If you want to buy a house, how are you going to find out what is available and what they're like?
If your plumbing is leaking, how are you going to find out what plumbers are available nearby to fix it?
How are you going to determine which movie at the cineplex you prefer to see? How are you even going to find out what's playing at the cineplex? Or even if there is a cineplex and where it is?
While posting a notice of a house for sale, publishing the yellow pages, or putting a sign outside your business with the name on it is marketing, it can be reasonably done by nonprofessional marketers.
It is the nonfunctional uses of marketing typically done by those in the profession I take issue with.
The problem is not marketing. The problem is deceptive, invasive marketing. And unfortunately that the one I'm most exposed to : ads are invasive, green-washing is deceptive, lying on car fuel consumption is deceptive, selling me a good at how much I value it instead of how much it's worth is deceptive, selling stuff "because people buy them" is morally strange, etc.

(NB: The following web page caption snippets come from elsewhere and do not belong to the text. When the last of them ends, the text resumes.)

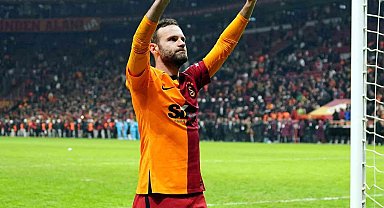 Maç sonu 3'lüsü Juan Mata'dan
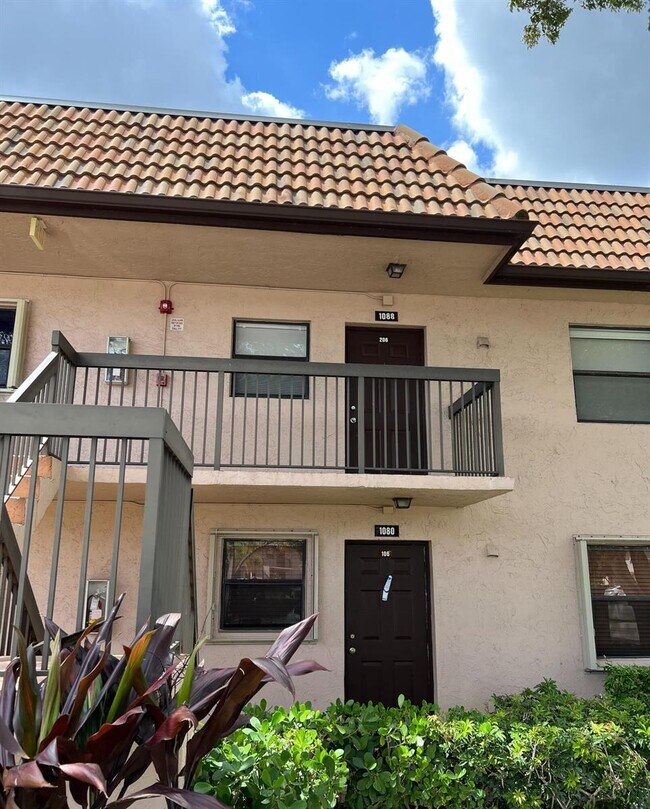 Building Photo - 1088 NW 106th Ter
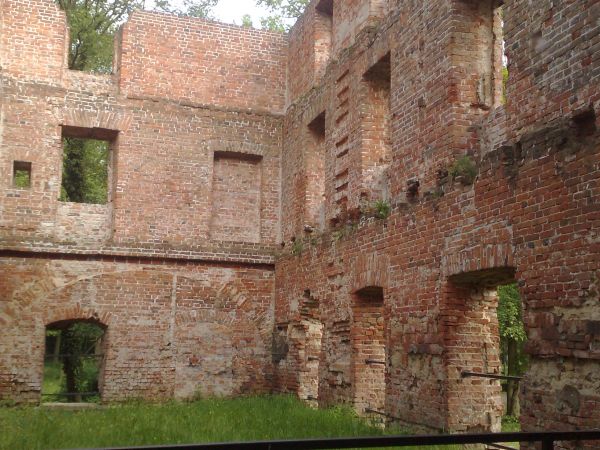 Ruiny pałacu Hatzfeldów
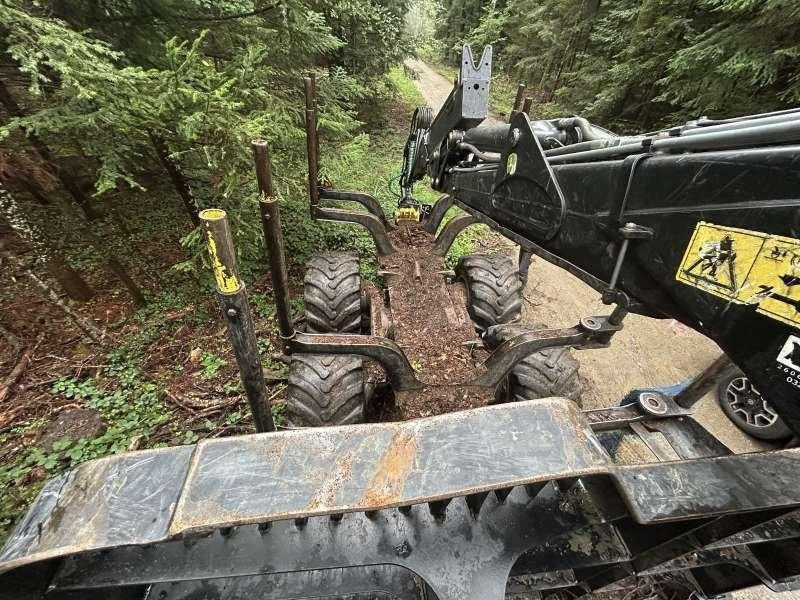Форвардер John Deere 1110G: фото 46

So of course you need to make sure your product is known. But there's a way to do that...
I would argue, that every kind of modern marketing basically boils down to 'evil' marketing. It is sadly the most successful kind of marketing, and thus corporations optimize for it.
Yeah, sure. But what I don't understand is why corporations do that. I mean, nowhere is it written that they must be evil. I can understand competition, the will to please the customer, etc. But why many big corps end up there, I don't get it. It's as if once a corp becomes big, the collection of its part loose its moral compass... Dunno... Any sociologist here ?
I think the industry is in general in a race to the bottom for privacy. Sure, if a competitor gets information that you don't collect, he has an advantage. Others are forced to collect data as well.
The only safeguard would be sensible policy.
Problem is that politicians ask "big tech". Few of these companies have an interest of collecting less information. On the contrary, they would probably try to sell access to their data in the process.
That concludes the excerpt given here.